TASK DESCRIPTION: Take the entries below and retype them word for word, excluding the images.
■ ■ ■
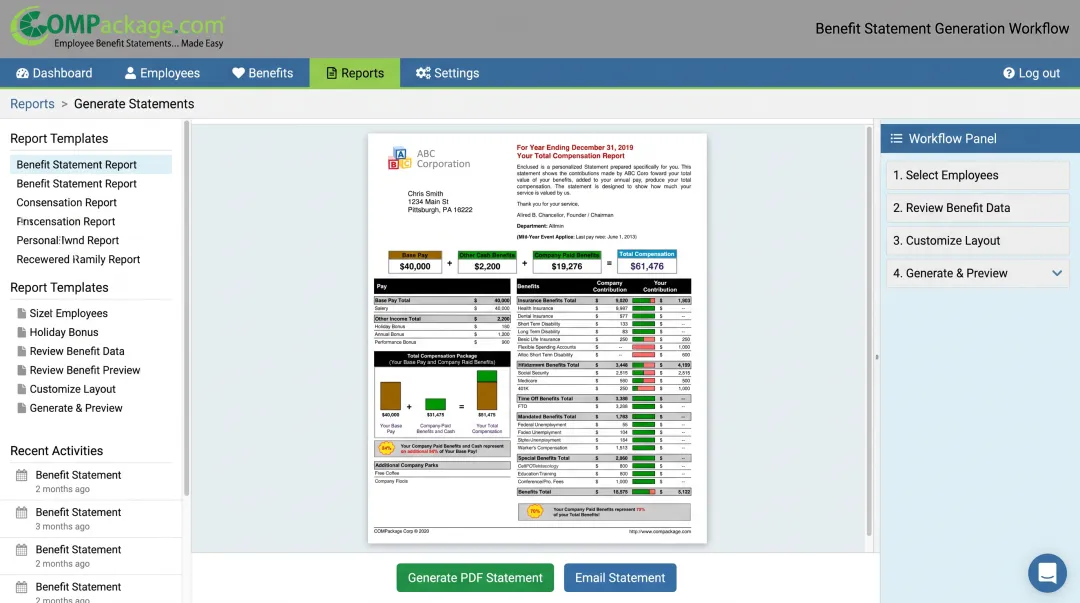COMPackage benefit statement software dashboard showing employee compensation report generation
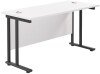 TC Twin Upright Rectangular Desk with Twin Cantilever Legs - 1200mm x 600mm - White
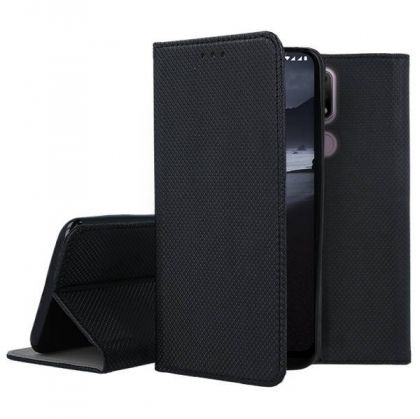 Кожен калъф Flip Book Smart за Nokia 2.4, Черен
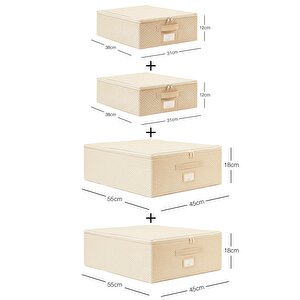 4'lü Bej Balıksırtı Destekli Hurç Set 2 Adet 31 X 38 X 12 + 45 X 55 X 18 Cm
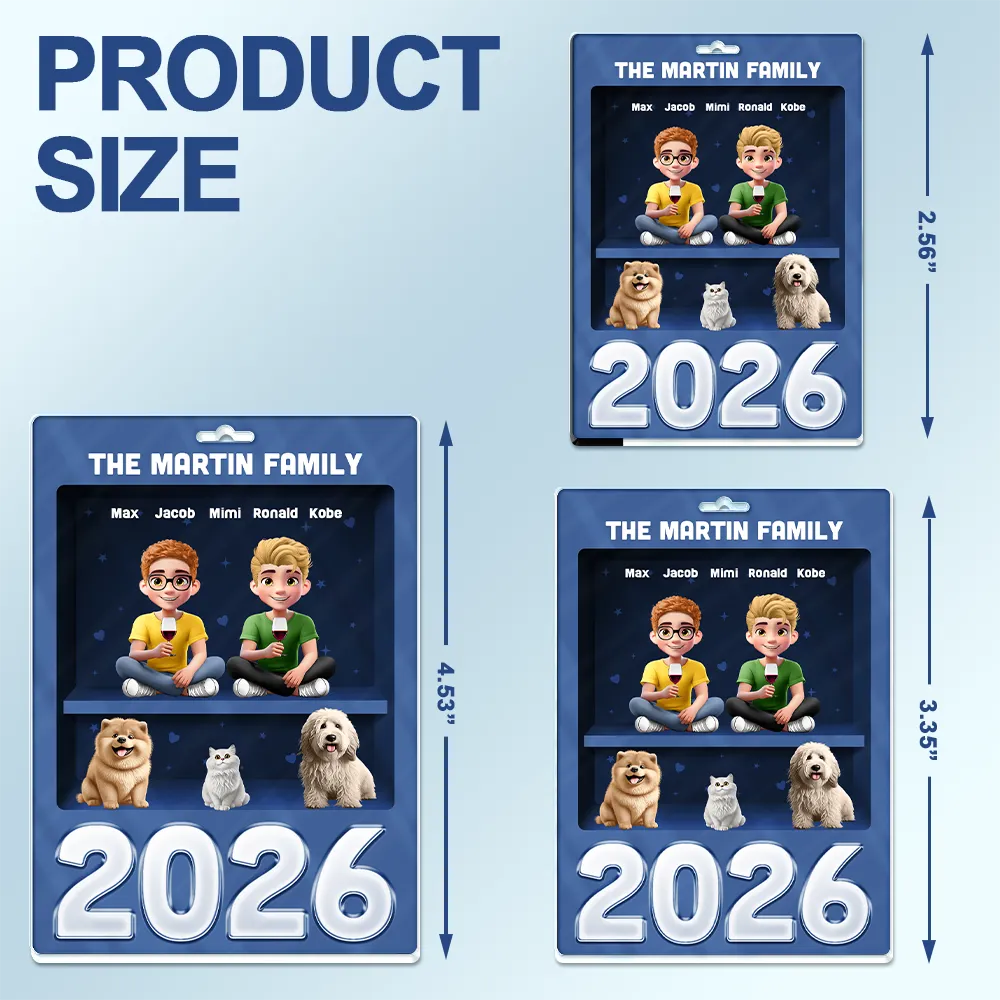 3D Effect Family Sitting Together - Personalized Acrylic Car Hanger - Image 4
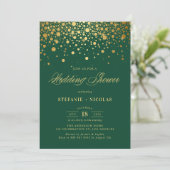 Invitation Wedding shower vert Faux Gold Foil Confetti Dots (Debout devant)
■ ■ ■
WRITTEN ANSWER:
COMPackage benefit statement software dashboard showing employee compensation report generation
 TC Twin Upright Rectangular Desk with Twin Cantilever Legs - 1200mm x 600mm - White
 Кожен калъф Flip Book Smart за Nokia 2.4, Черен
 4'lü Bej Balıksırtı Destekli Hurç Set 2 Adet 31 X 38 X 12 + 45 X 55 X 18 Cm
 3D Effect Family Sitting Together - Personalized Acrylic Car Hanger - Image 4
 Invitation Wedding shower vert Faux Gold Foil Confetti Dots (Debout devant)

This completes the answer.